In case of breach of contract, if the breaching party is not liable for wilful misconduct it will only be liable for the damages that were foreseen or could have been foreseen when the contract was entered into. If the given party is liable for wilful misconduct then it will be liable for all damages that are an immediate and direct consequence of the breach. The parties may agree to modify these rules. However, forgiveness of wilful misconduct is expressly prohibited(2).

The courts and arbitral tribunals have accepted that it is possible for the parties to a contract to limit either the extent of the liability or the amount for which a party could be liable in case of breach of contract.

As to the limitation of the extent of the liability, the Civil Code provides for certain rules regarding the liability of the parties to a contract(3), but indicates that the parties may modify these rules by mutual agreement. Since Article 1522 of the Civil Code expressly prohibits forgiveness of wilful misconduct the parties to a contract may agree on the extent of its liability, but they will always be liable for wilful misconduct.

In accordance with these rules, one may conclude the following under Colombian civil and commercial law:

  • It is legally possible to limit the degree of liability of one of the parties under an agreement, provided that such limitation does not imply a forgiveness of wilful misconduct and that the law does not expressly prohibit the limitation.

  • Even in the case of wilful misconduct, the breaching party will only be liable for the damages that are a direct and immediate consequence of the breach. Therefore, there is no obligation to indemnify for indirect or punitive damages.

  • Loss of profits is considered direct damages (ie, the loss must arise as a direct and immediate consequence of the breach). Therefore, they may be excluded, except in case of wilful misconduct.

  • Consequential damages may be validly excluded.

With respect to the limitation of the amount of the liability, Article 16 of Law 446 of 1998 provides that in any judicial or arbitral proceeding the valuation of damages must result in an equitable and integral repair thereof. This provision has been interpreted by some commentators to mean that one of the parties cannot validly limit the amount of damages to which the other party may be entitled. However, following these rules, if the parties have limited the amount of the liability a judge would have to follow the agreement of the parties unless:

  • there is wilful misconduct;

  • the limitation is expressly prohibited by law(4); or

  • the amount agreed as the limit of the damages is so low that it voids the right to an indemnity.

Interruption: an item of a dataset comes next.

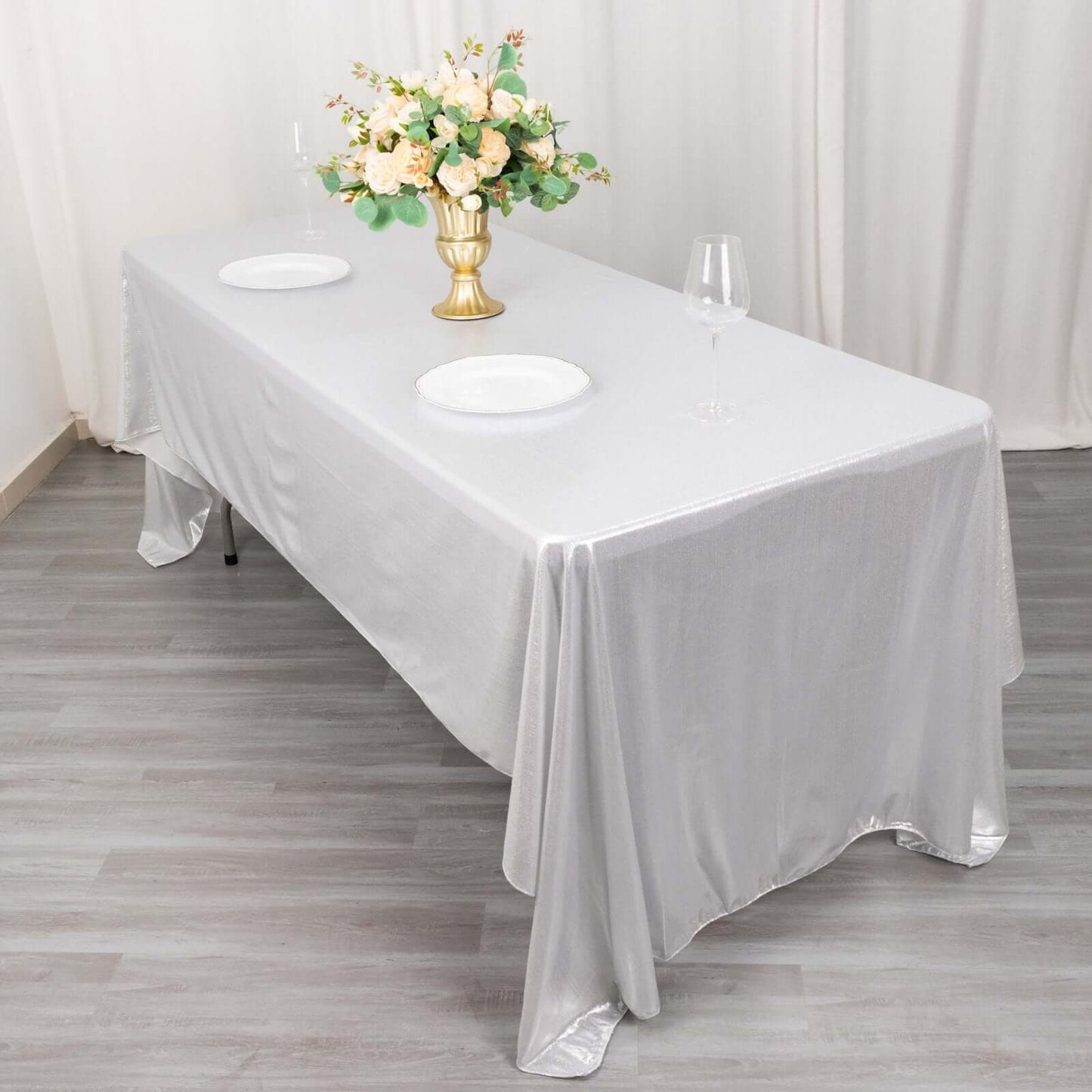 Sequin Dots Polyester 60"x126" Rectangle Tablecloth Shimmering Silver - Wrinkle Free & Sparkling Table Cover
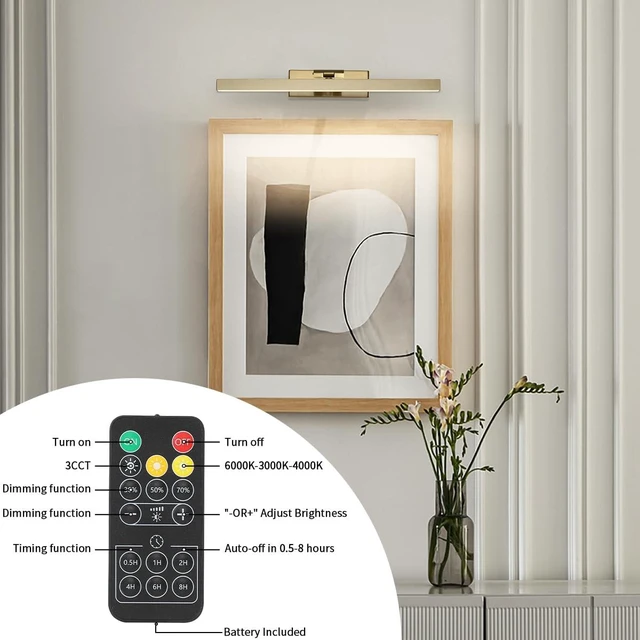 Alt view image 7 of 13 - Joosenhouse Battery Operated Picture Light Wireless Gallery Light with Remote Control Rechargeable Wall Lights Brass 15.35" Dimmable and Timed Off Wall Sconce Light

Penalty clauses are also permitted. One of the categories of clause is deemed an advanced liquidation of damages (not exactly a limitation on the amount of the damages). Pursuant to Article 1592 and following of the Civil Code, as interpreted by Colombian jurisprudence and doctrine, there are three different types of penalty clauses:

  • Penalty clauses as sanctions for delay. This type of penalty clause is payable in case of breach of contract or delay in the performance of an obligation. If expressly agreed in the given clause, it is payable without prejudice of the right of the non-breaching party to claim, in addition to the penalty, the performance of the contract or the termination thereof, in both cases with indemnification for damages.

  • Penalty clauses as guarantees. In this case, a third party undertakes to pay a penalty in case of breach of contract or delay in the performance of the obligations of one of the parties to an agreement.

  • Penalty clause as advanced liquidation of damages. Under this type of penalty clause, the parties agree to a sum for damages so that the sum to be paid for damages by either party in case of breach of contract would be the sum provided for in the contract. In this case, neither the party who has to pay the damages in case of breach could not claim that the real amount of the damages is lower; nor could the non-breaching party claim that the real amount of damages is higher.

For further information on this topic please contact Eduardo Zuleta at Zuleta, Garrido, Araque & Jaramillo Abogados by telephone (+571 310 6614) or by fax (+571 310 6286) or by e-mail ([email protected]).


(1) Civil Code, Article 1614.

(2) Civil Code, Articles 1614 and 1522.

(3) Article 1604 of the Civil Code provides that the debtor shall be only liable for wilful misconduct in contracts that only benefit the creditor, for ordinary negligence in contracts that benefit both parties and for slight negligence in contracts that only benefit the debtor.

(4) Certain provisions of the Commercial Code on transportation agreements forbid clauses limiting liability of the transporter.